If Phil popped by Casa Rochat these days, he’d find more time loops than an episode of “Dr. Who.” Lately, it seems like everyone has their personal piece of calendar turf that just refuses to go away.
For the dogs, of course, it’s the daylight savings business. Like most canines, Duchess the Wonder Dog and Big Blake aren’t too sure about this whole “Spring Forward, Fall Back” business – especially when it messes with their feeding time. So while I’m rejoicing at the return of a stolen hour of sleep, they’re filling 30 minutes of it with big eyes and urgent tails, wordlessly asking “Don’t we get Food Time yet?”
For Missy, our developmentally disabled relative, it’s Halloween that’s getting recycled. Which is a novelty, really. She’s often gotten locked onto Christmas, ready to play carols on the car stereo at top volume until the back-to-school sales hit. But Halloween used to be a holiday she preferred to avoid – at least, until she made an inordinately successful re-entry into the Trick-or-Treat field this year with the world’s coolest Harry Potter costume. Now, she parades her chocolate-covered winnings for all to see, wanting to know why we can’t grab the glasses and wand and go out for another candy run.
And then there’s the larger world. The one that sometimes seems stuck on Nov.4.
I don’t just mean the phone callers, though that has been a little exasperating. Life in a swing state as it approaches Election Day tends to be filled with polls and surveys, to the point where it seems more worthwhile to unplug the phone, ask friends to text or email, and spend the evening watching an ad-free DVD. But once The Day has gone by, the phone usually becomes safe again – or so I thought until it rang at 9 p.m. on Wednesday.
“I represent an independent market research firm …” Click.
But it’s more than that, really. If you take a look around the press or Facebook, it’s obvious that for many, the election still isn’t over. The fight goes on, My Side and Thy Side, regardless of where the ballots fell or who now occupies the big desk with the box of American flag pins.
I’m not always sure how I feel about that.
On the one hand, I can’t argue with the passion. There once was a time when Americans seemed locked in political apathy. Not anymore. Social media especially seems to enable the launch of a dozen crusades a day, all of them armed with zeal, determination and catchy quotes of dubious origin. Politics needs people who care, and we have no shortage of that these days.
But so often, it feels like an ideological version of the Indy 500. Lots of energy, dedicated to covering the same ground over and over again, without making any real progress.

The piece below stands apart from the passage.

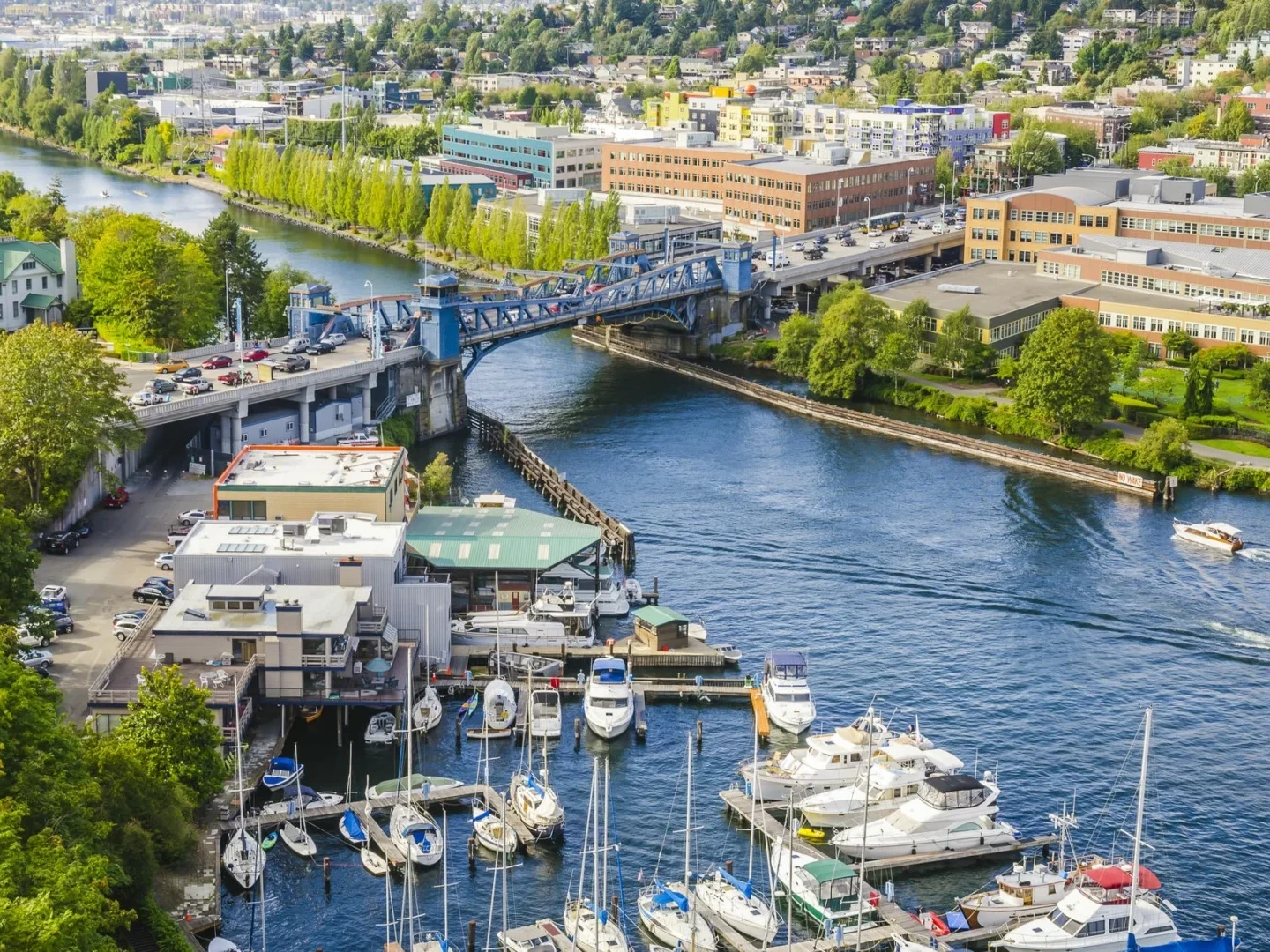 Aerial view of a marina with boats docked, a blue drawbridge over a canal, and surrounding buildings and greenery, with a cityscape in the background.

Please don’t misunderstand. I do care. I’ve got my own candidates and causes that I consider vital, my own list of names that I consider to be utter disasters. I’ve got my own hopes and worries based on the way the ballots came down.
But come down they did. And now we have to find a way forward from there.

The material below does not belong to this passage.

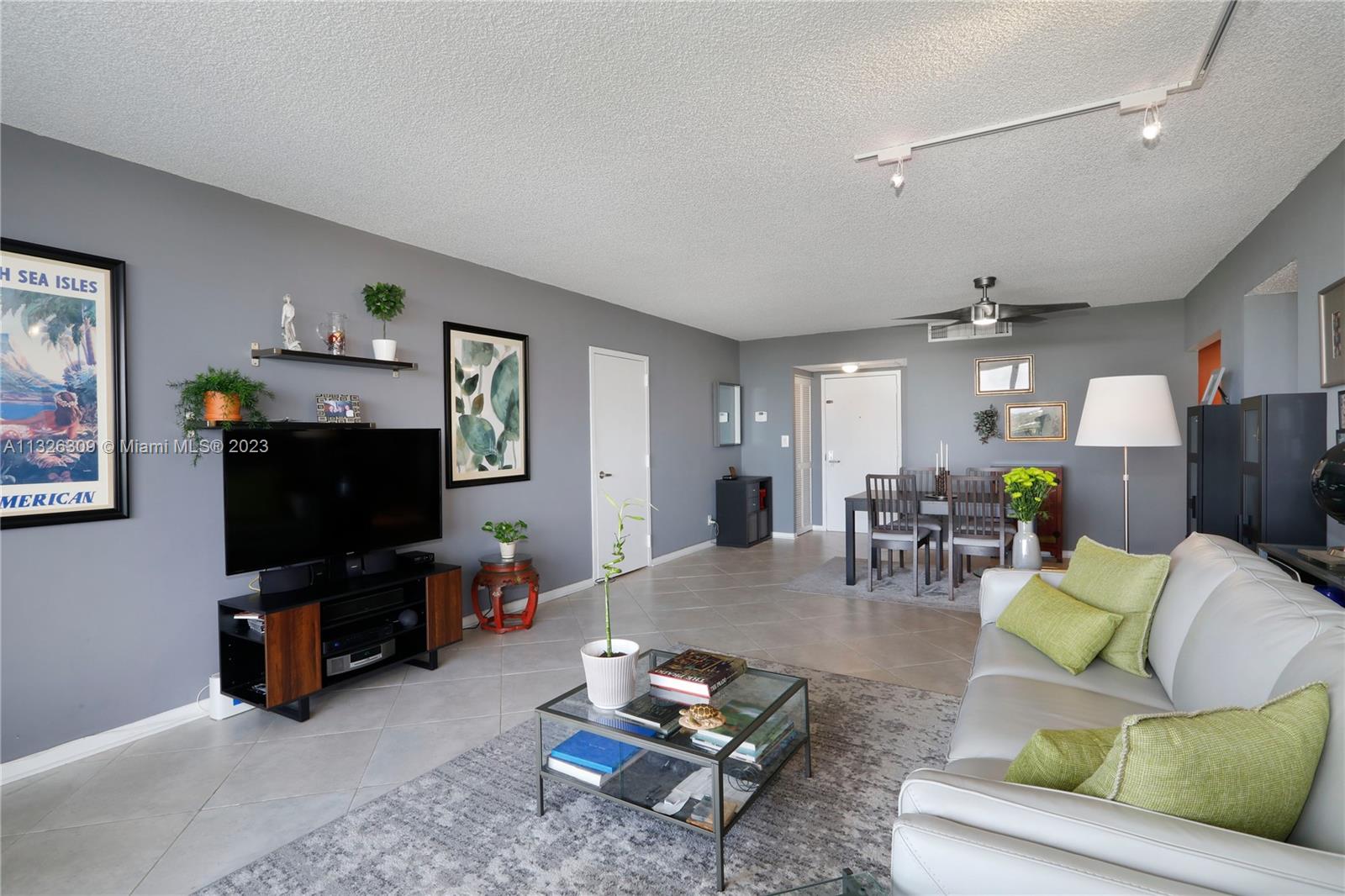 780 Northeast 69th Street, Unit 1004 Miami, FL 33138 - Photo 4 of 41 a living room with furniture and a flat screen tv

I suspect that the biggest issue for most voters this year was not the economy or terrorism, but simple fatigue. Most of us, I think, are tired of seeing a government whose members dig in their heels and go to war with each other at any excuse or none.
There are a lot of reasons, some of which need serious attention. But the simplest thing that most of us can do is set the example we want to see. We need to still care, to still strive – but without hating our neighbors who have cares of their own. Don’t surrender to evil – but don’t be quick to interpret disagreement as evil, either.
It is not easy. It requires judgment, kindness, endurance and understanding. But if we can do it at a ground level, maybe we can drag Washington along with us – or at least make its bickering irrelevant while we all work together to do what needs doing.
We don’t need to agree. But we do need to live with each other, work with each other, learn from each other. That’s how it’s supposed to work.
And maybe, if we’re lucky, we’ll find an extra Trick-or-Treat bag along the way.